Matt Glassman

Congressional Approval

Congressional approval stands at 10% in the monthly Gallup poll, just one point above it's record low.

  1. Congress has never fared well in the Gallup poll. But since 2007, it has fared even worse than usual. We only have good polling going back to roughly world war II, but we have plenty of anecdotal evidence from the 19th century that Congress was just as unpopular then.

  1. People will give you all sorts of reasons for why they dislike Congress, but in my view, it all reflects one underlying dynamic: people hate Congress because they hate losing. And you are going to do a whole lot of losing in U.S. politics.
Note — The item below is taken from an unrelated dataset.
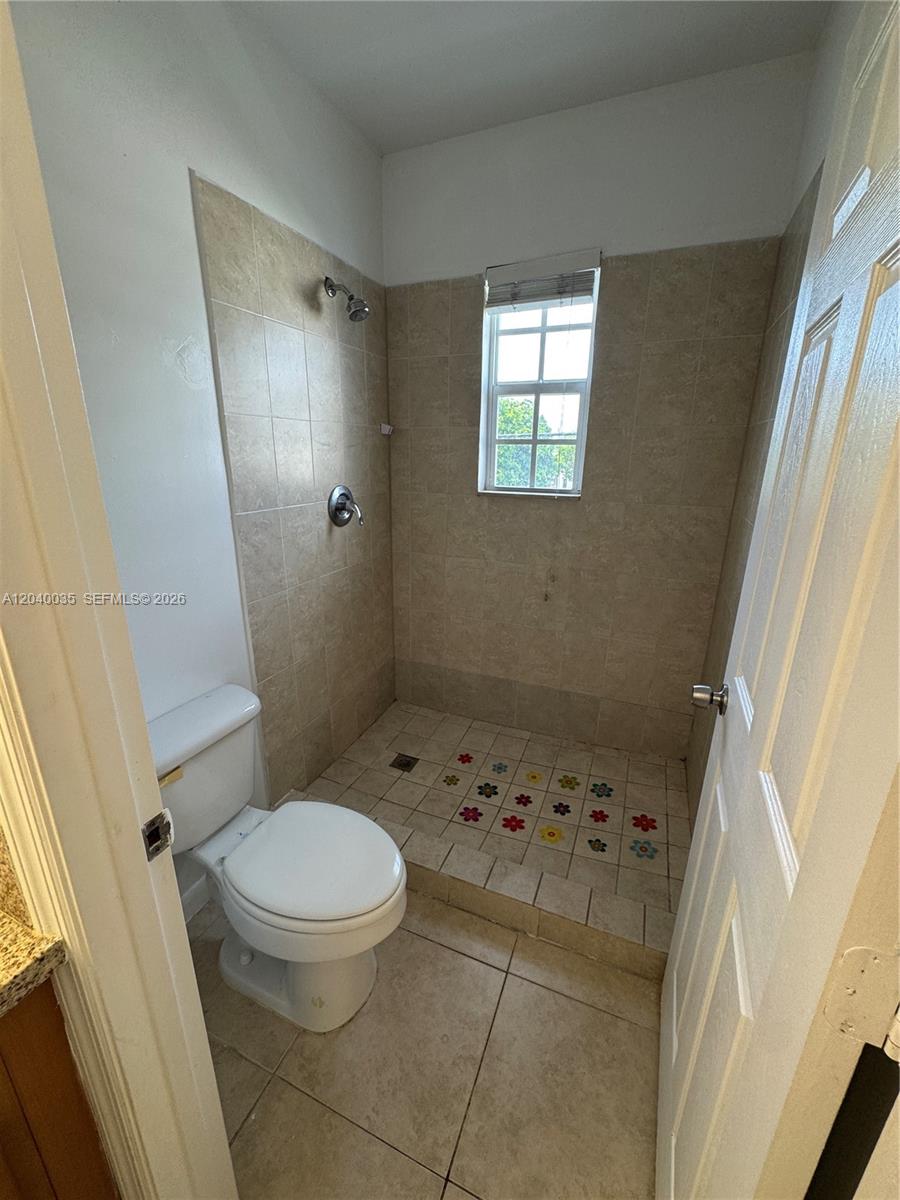 7130 Rue Versailles Drive, Unit 11 Miami Beach, FL 33141 - Photo 12 of 16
  2. You can also replace "Congress" here with "politics." Largely because Congress is the public location of politics in the United States.

  3. The recent drop off of the 119th Congress---from 31% in March, 2025 to 10% now is a story of independents disappearing in 2025 (from 25% in March to 12% in December) and Republicans dropping significantly twice (from 54% to 23% between September-October 2025 and, after rebounding slightly, from 32% to 20% in March-April 2026).

  1. Partisans tend to disapprove of Congress from both ends ideologically, as well as general discontent with non-ideological accomplishment levels.

  2. Unlike support for Trump, there isn't a floor for Republican approval of the Republican Congress. This is not unusual.

  3. Fenno's paradox---where Congress is unpopular but individual Members are very popular in their district---is not as strong as it once way. This is mostly the disappearance of the so-called incumbency advantage, in which Members who did a good job for the district got roughly 20% electoral support from people who voted for the other party for president. Those days are gone; the average Member runs about 0.5% to 1.0% ahead of their party's presidential candidate now, down from an average of 10-12% ahead in the 1980s.